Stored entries
===============
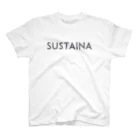 Sustaina ShopのSUSTAINA（ロゴなしグレー文字） スタンダードTシャツ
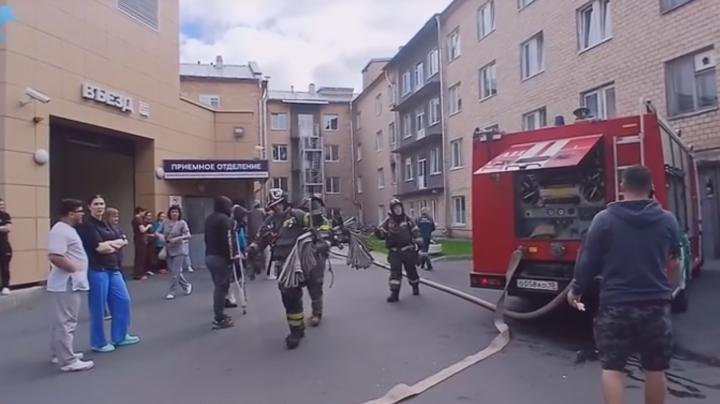Пожар в больнице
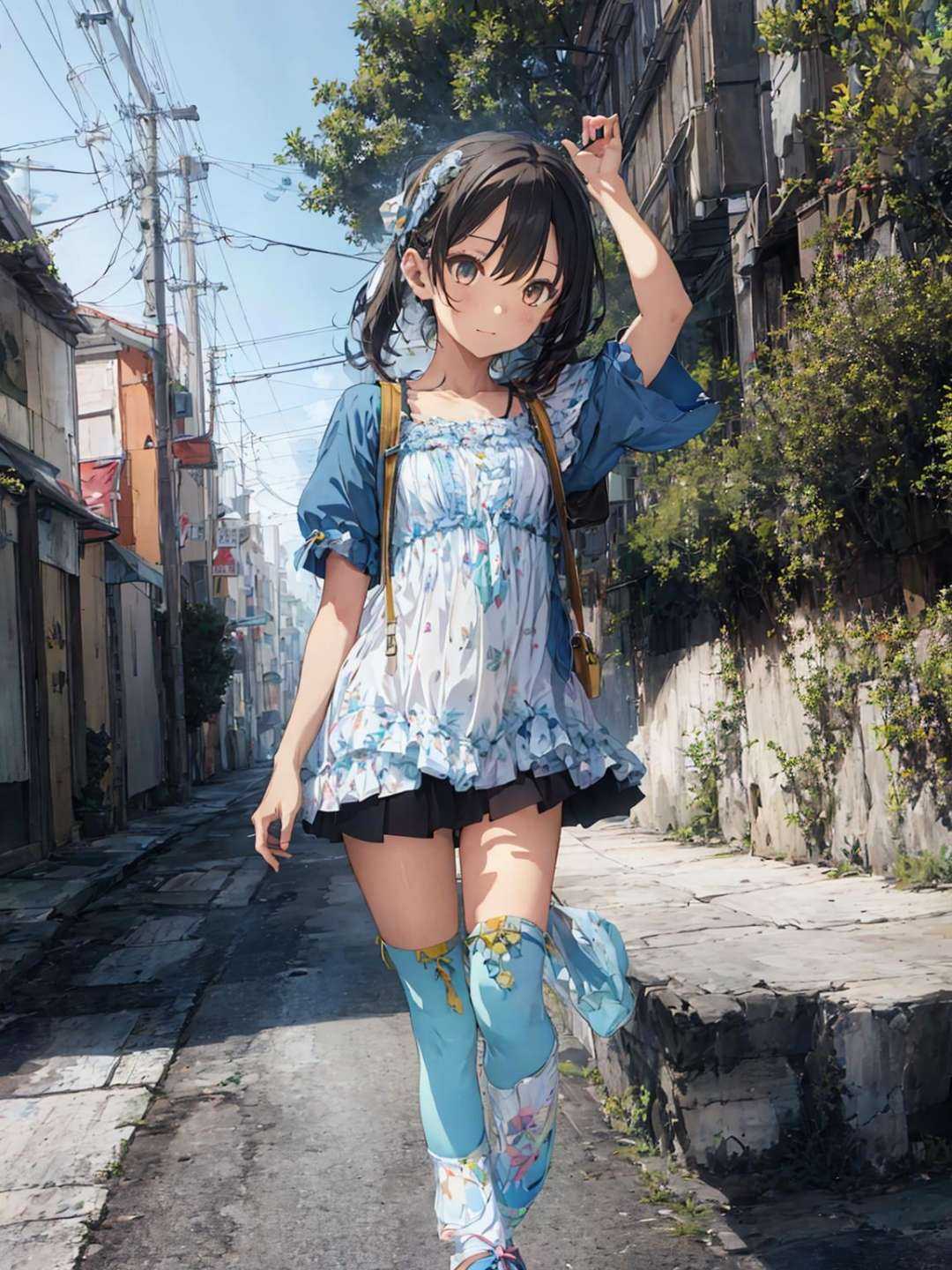 1 girl,  solo,  hatune miku on Tensor.Art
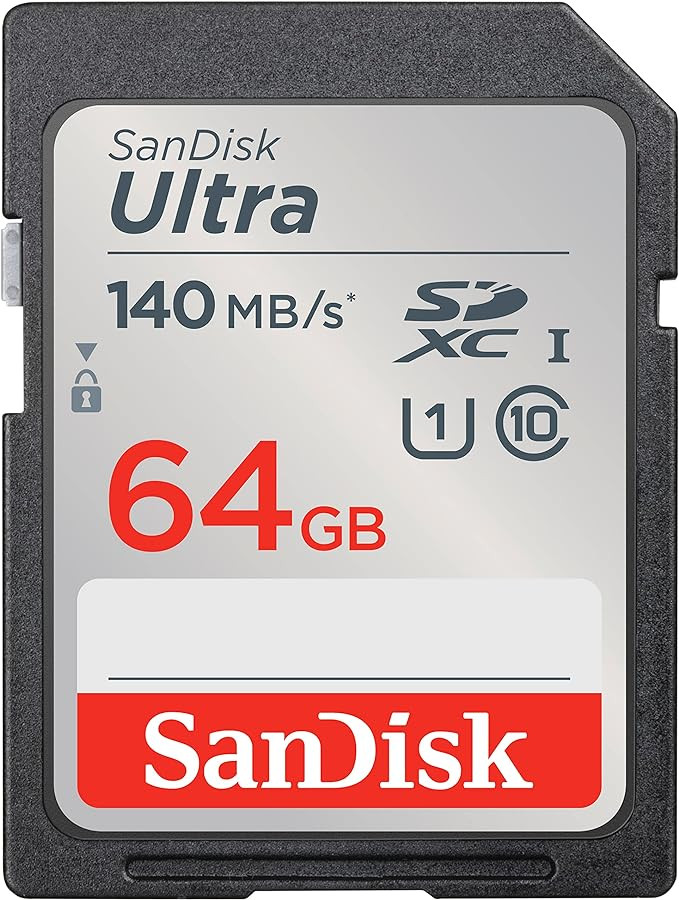 SanDisk 64GB Ultra SDXC UHS-I Memory Card - Up to 140MB/s, C10, U1, Full HD, SD Card - SDSDUNB-06... | Amazon (US)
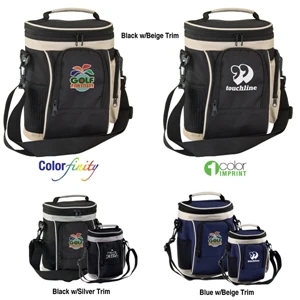 Sale 5-7 Day Production - Polyester Golf Cooler Bag With Large Zippered Insulated Compartment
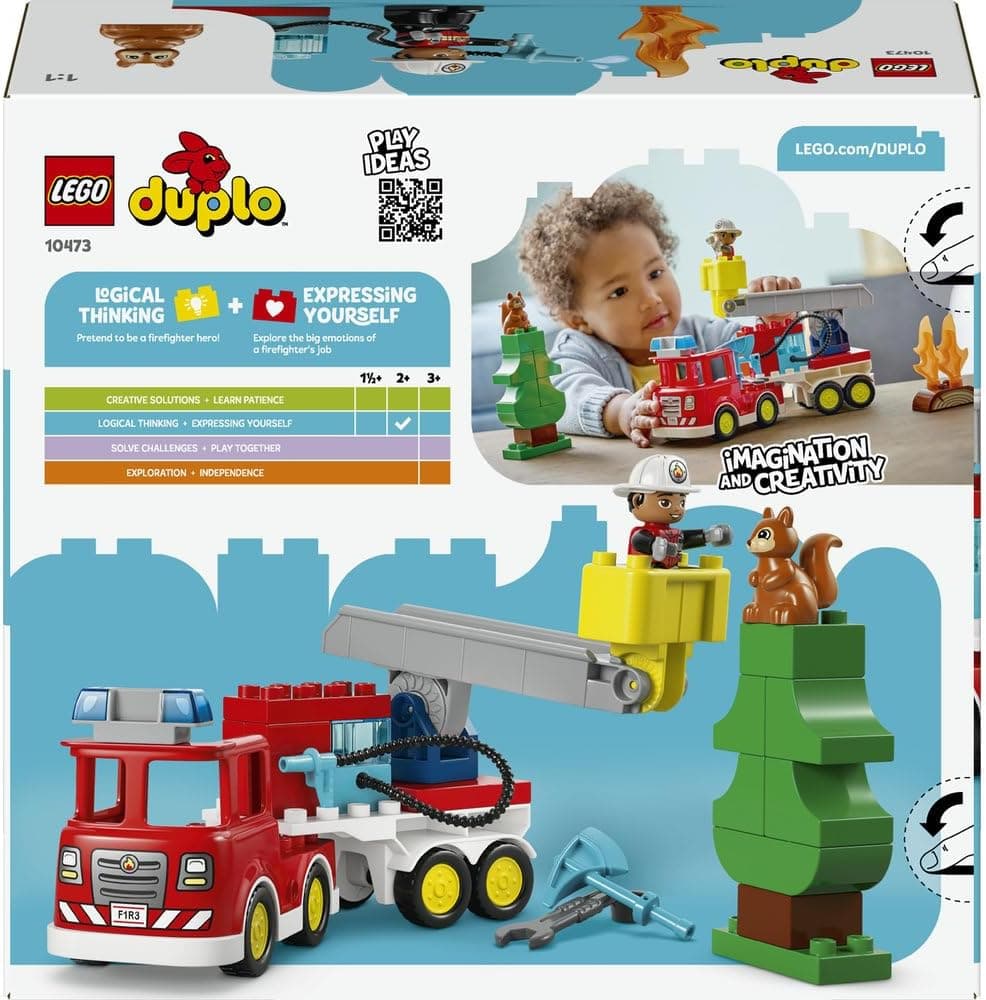 لگو DUPLO ماشین آتشنشانی با شلنگ و آتشنشان مدل 10473 لگو DUPLO ماشین آتشنشانی با شلنگ و آتشنشان مدل 10473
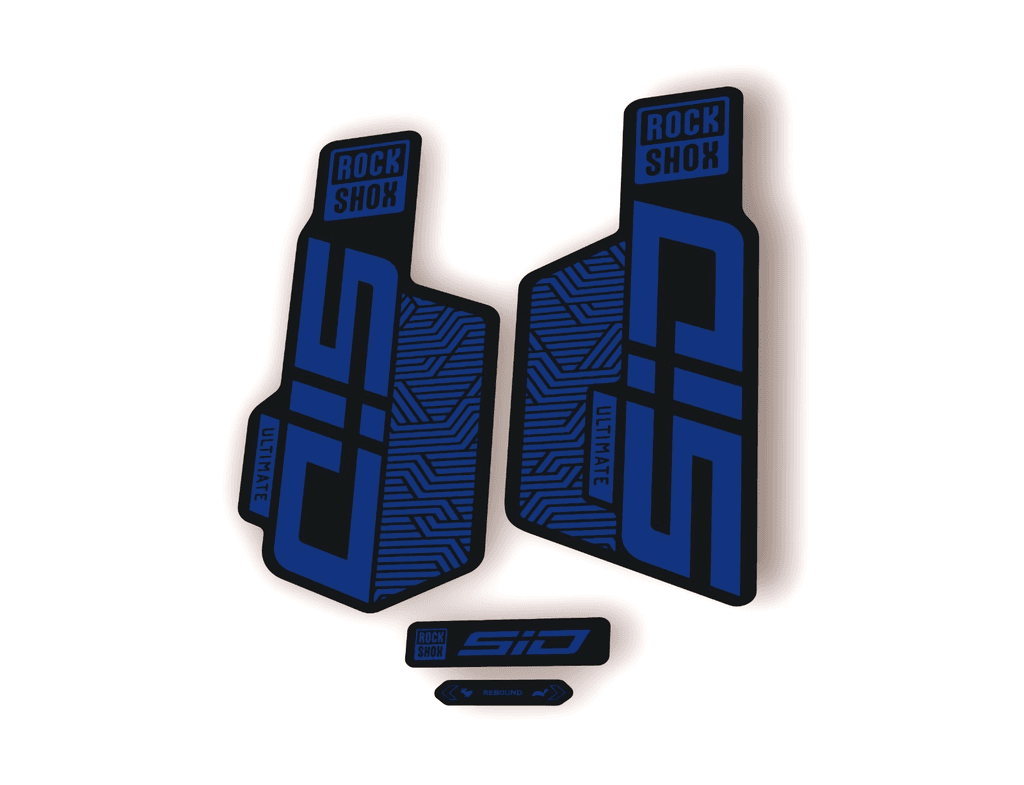 Rock Shox SID ULTIMATE 2025 Flight Attendant Bike Cycling Decal Sticker D. Blue - 1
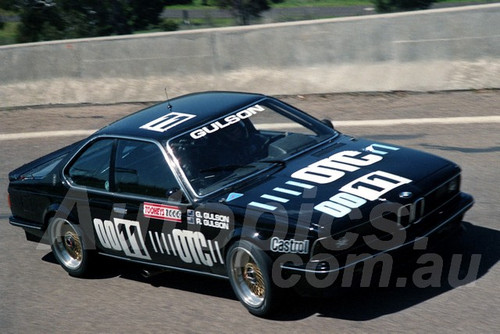 88861 - RAY & GRAHAM GULSON, BMW 635CSi - Bathurst 1000, 1988 - Photographer Lance J Ruting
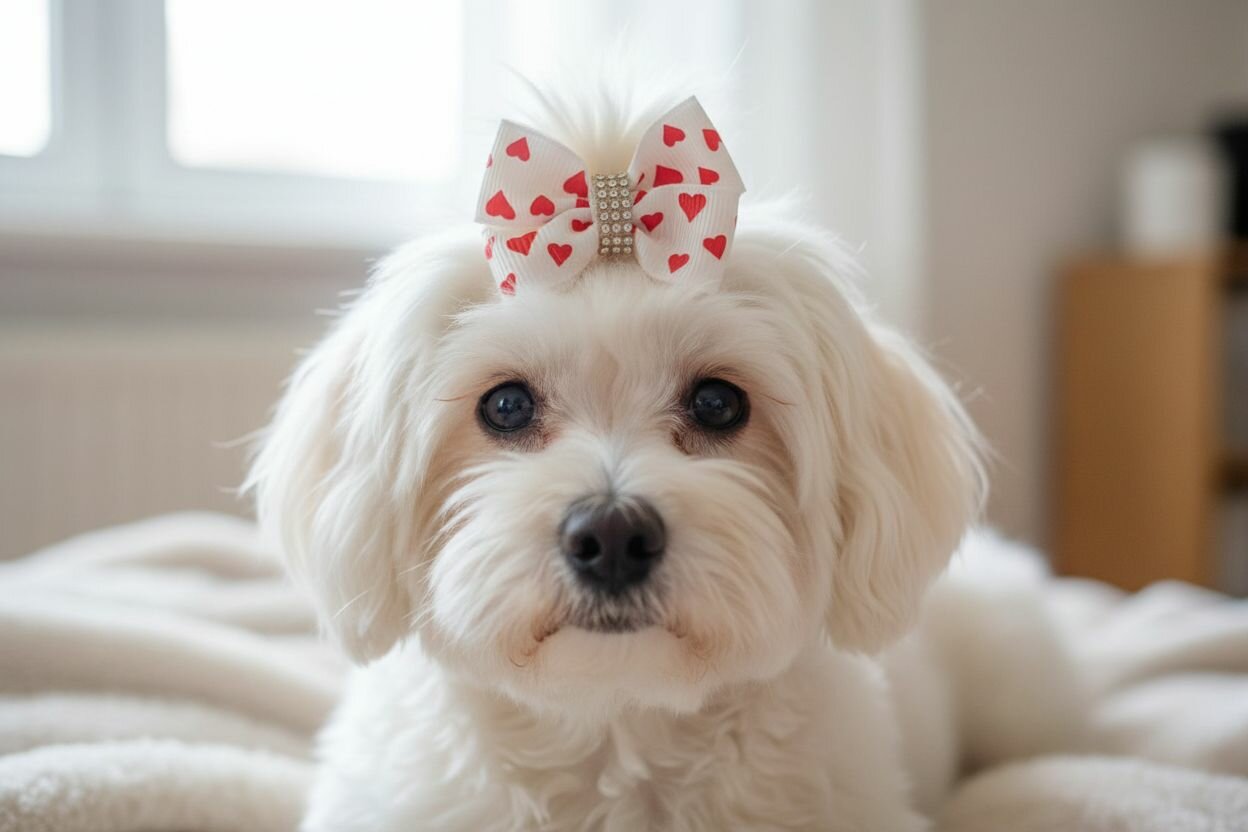 Бантики на резинке для груминга собак мелких и средних пород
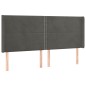 vidaXL LED Kopfteil Dunkelgrau 163x16x118/128 cm Samt vidaXL LED Kopfteil Dunkelgrau 163x16x118/128 cm Samt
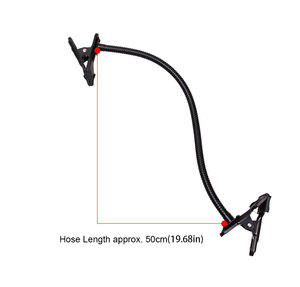 Kaliou J015 Brazo Mágico Flexible Multifunción de 50cm + 2 Abrazaderas Fuertes de Hierro para Fondo, Clip Reflector para Cámara, <span class=keywords><strong>Estudio</strong></span> Fotográfico - Product Image 6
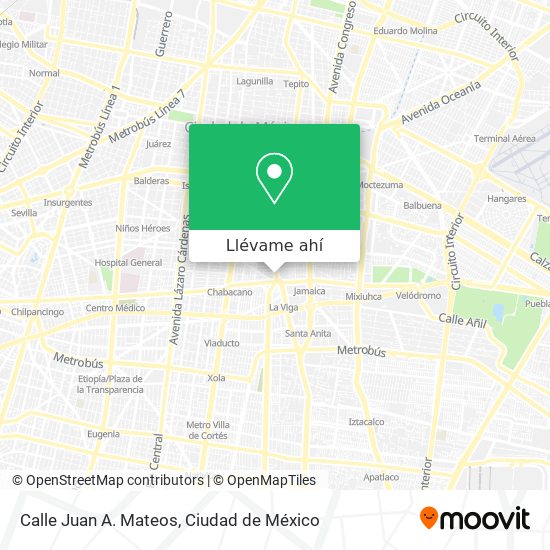 Mapa de Calle Juan A. Mateos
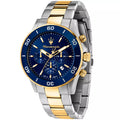 Maserati Competizione R8873600006 43mm Men’s Chronograph Watch – Blue Sunray Dial & Two-Tone Link Bracelet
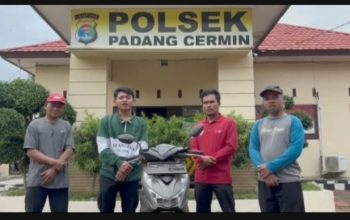 Dua Pelaku Curanmor Dibekuk Tekab 308 Polsek Padang Cermin, Satu Unit Motor Diamankanekan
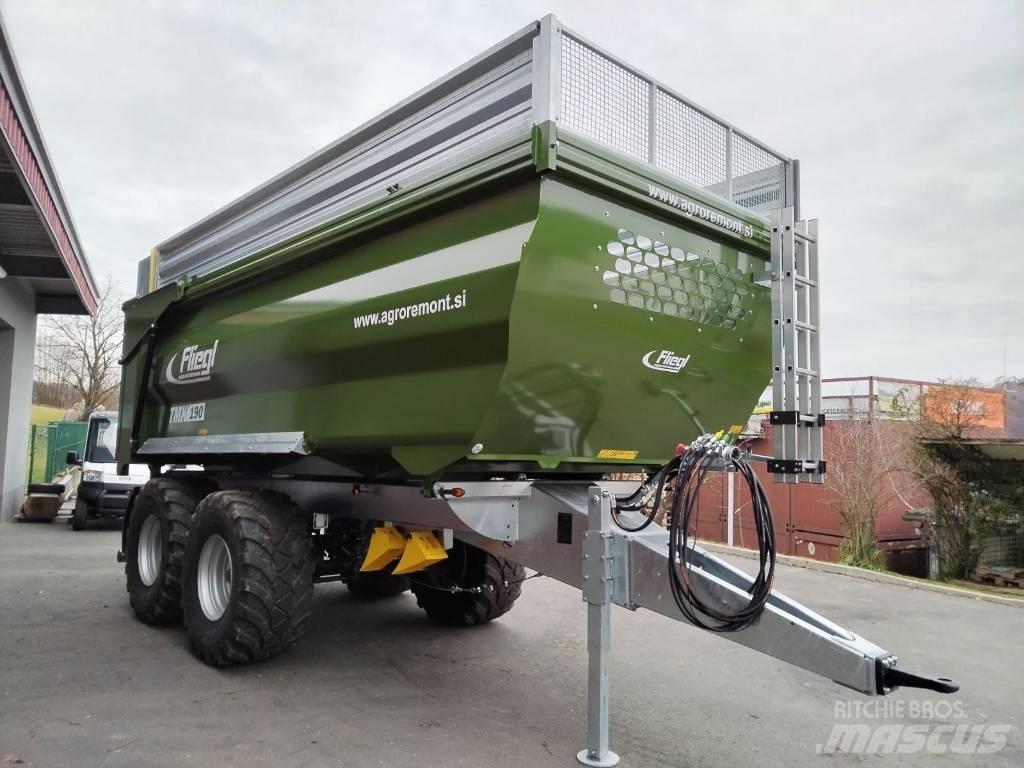 Fliegl TMK 190 FOX スキップローダートレーラー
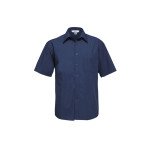 Men&#039;s Corporate Shirts - Mens Micro Check Short Sleeve Shirt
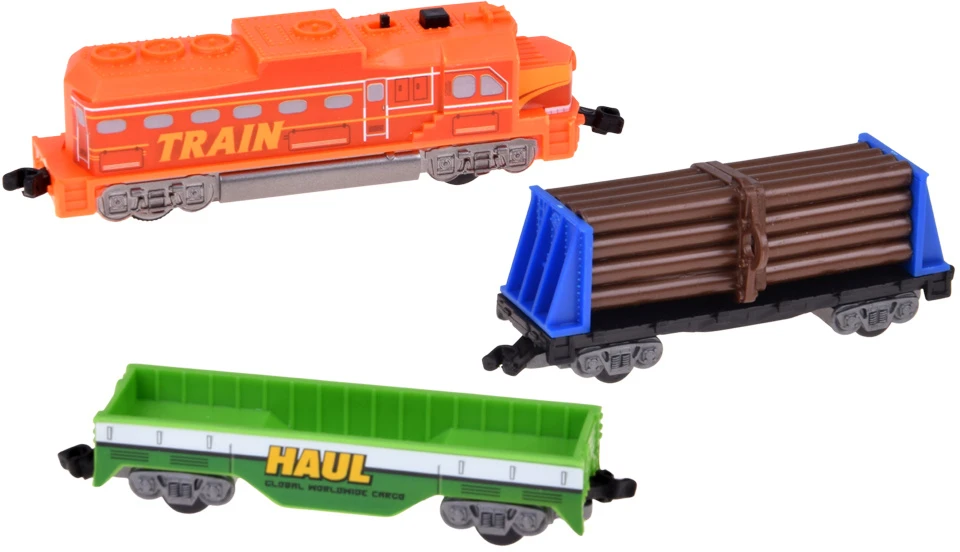 Jokomisiada Electric Train Set with Tracks, Locomotive, Wagons and Crane RC0783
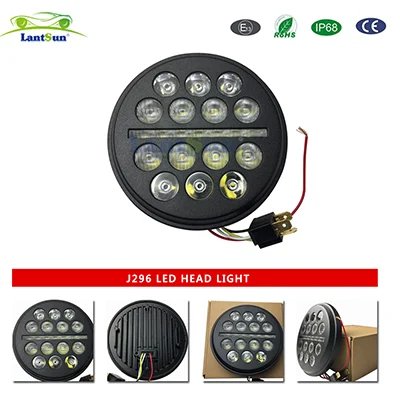 كشاف أمامي LED مقاس 5.75 بوصة لجيب رانجلر J296
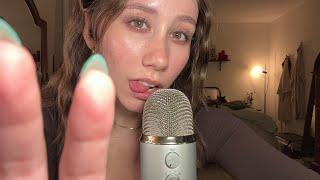 ASMR | Fast Mouth Sounds With Some Tapping, Fabric Scratching, and Rambles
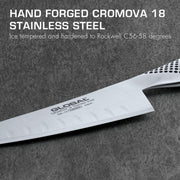 Global - Oriental-Santoku Knife Fluted 12cm/4.75" - Limolin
===============
Print again, word for word, every line from the line with "ASMR | Fast" to the final line of the records, inclusive; skip the pictures.

 ASMR | Fast Mouth Sounds With Some Tapping, Fabric Scratching, and Rambles
 Global - Oriental-Santoku Knife Fluted 12cm/4.75" - Limolin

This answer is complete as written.